Baxter Intern., Inc., 345 F.3d 866, 880 (11th Cir. 2003) (citing Fed. R. Civ. P. 8(a)). This is a
liberal pleading requirement, one that does not require a plaintiff to plead with particularity every
element of a cause of action. Roe v. Aware Woman Ctr.for Choice, Inc., 253 F.3d 678, 683 (11th
Cir. 2001). However, a plaintiff’s obligation to provide the grounds for his or her entitlement to
relief requires more than labels and conclusions, and a formulaic recitation of the elements of a
cause of action will not do. Bell Atlantic Corp. v. Twombly, 550 U.S. 544, 554-555 (2007). The
complaint’s factual allegations “must be enough to raise a right to relief above the speculative
level,” Id. at 555, and cross “the line from conceivable to plausible.” Ashcroft v. Iqbal, 556 U.S.

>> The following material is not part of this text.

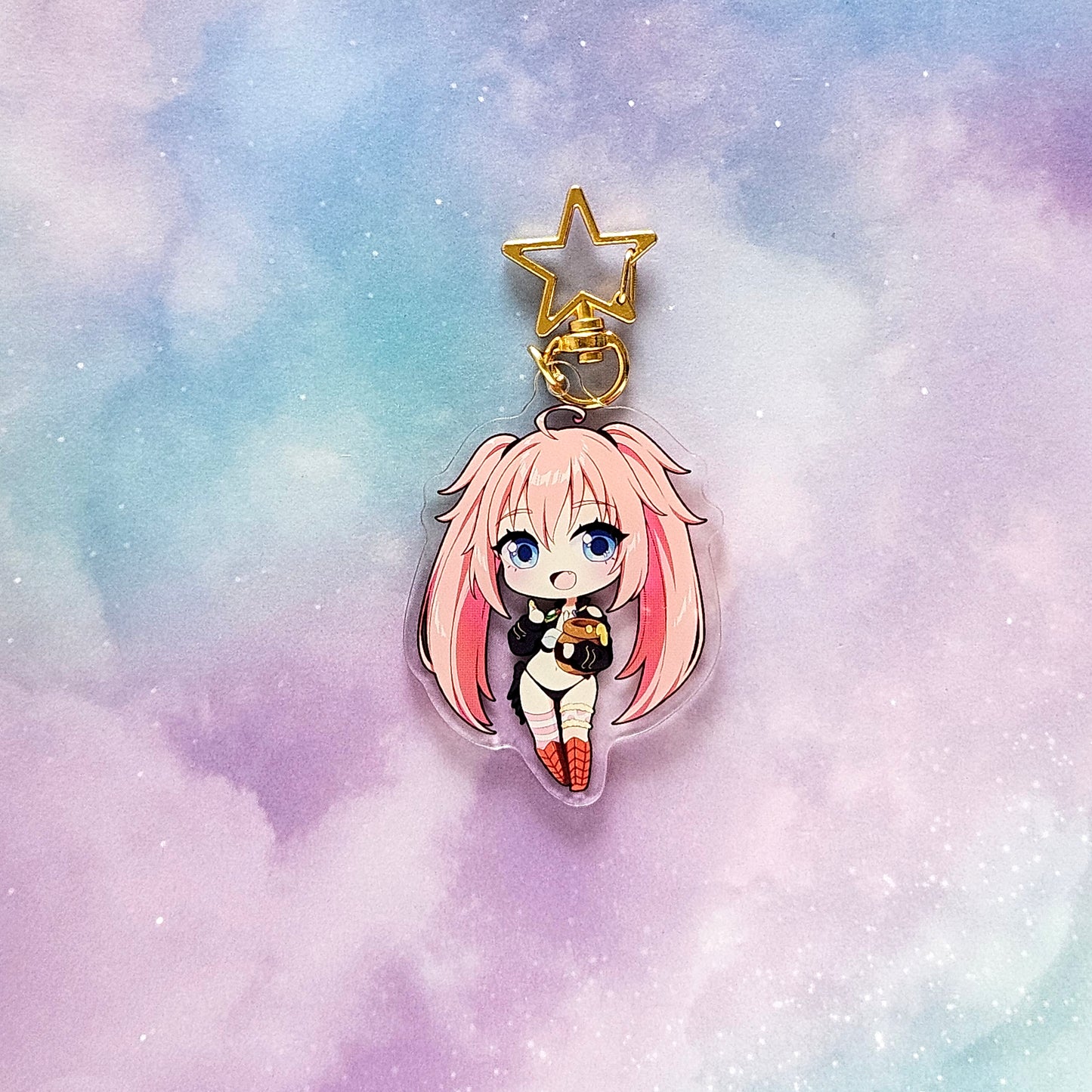 Milim [That Time I Got Reincarnated as a Slime] Acrylic Charm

662, 129 S. Ct. 1937, 1950-1951 (2009).
B. Motion for More Definite Statement
Rule 12(e) of the Federal Rules of Civil Procedure provides that a party may request a
more definite statement of a pleading “which is so vague or ambiguous that the party cannot
reasonably prepare a response.” However, motions for a more definite statement are disfavored
under the law, and are not to be used as a substitute for discovery. Eye Care Int'l, Inc. v. Underhill,
92 F.Supp. 2d 1310, 1316 (M.D.Fla.2000).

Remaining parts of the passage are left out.